| Aim of the exercise |
Full transcription, minus images: write out the listing below exactly as it appears.

| Source material |
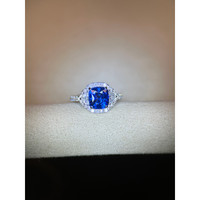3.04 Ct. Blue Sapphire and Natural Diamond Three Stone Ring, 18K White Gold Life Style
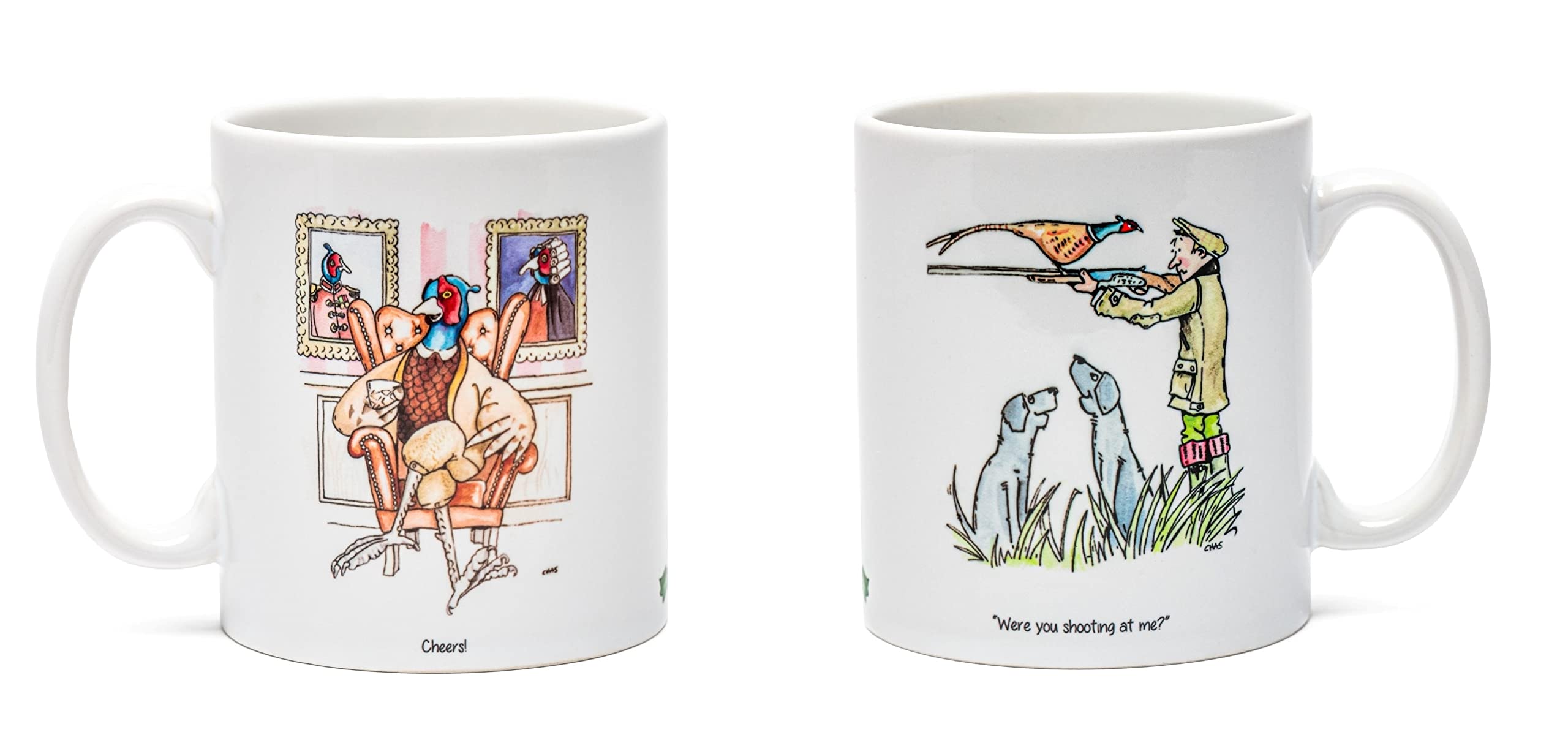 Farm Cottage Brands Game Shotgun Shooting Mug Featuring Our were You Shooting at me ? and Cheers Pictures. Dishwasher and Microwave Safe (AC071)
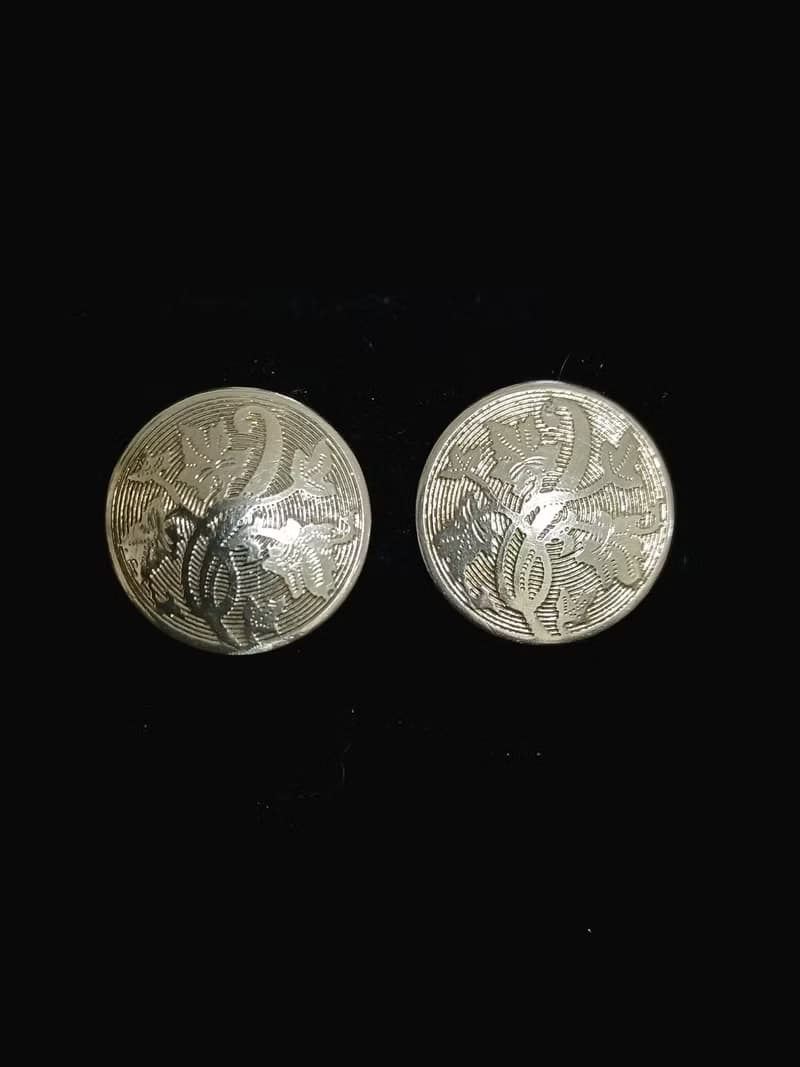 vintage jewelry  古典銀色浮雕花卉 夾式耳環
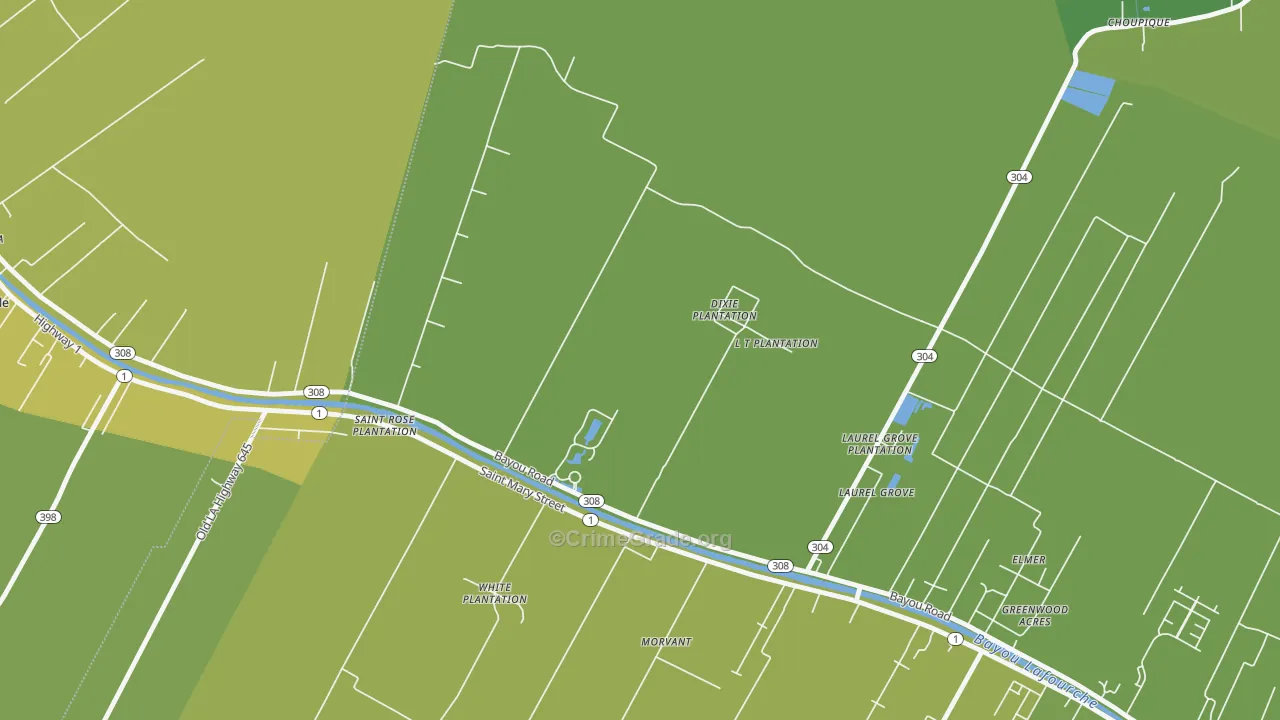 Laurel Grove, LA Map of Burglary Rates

| Task answer |
3.04 Ct. Blue Sapphire and Natural Diamond Three Stone Ring, 18K White Gold Life Style
 Farm Cottage Brands Game Shotgun Shooting Mug Featuring Our were You Shooting at me ? and Cheers Pictures. Dishwasher and Microwave Safe (AC071)
 vintage jewelry  古典銀色浮雕花卉 夾式耳環
 Laurel Grove, LA Map of Burglary Rates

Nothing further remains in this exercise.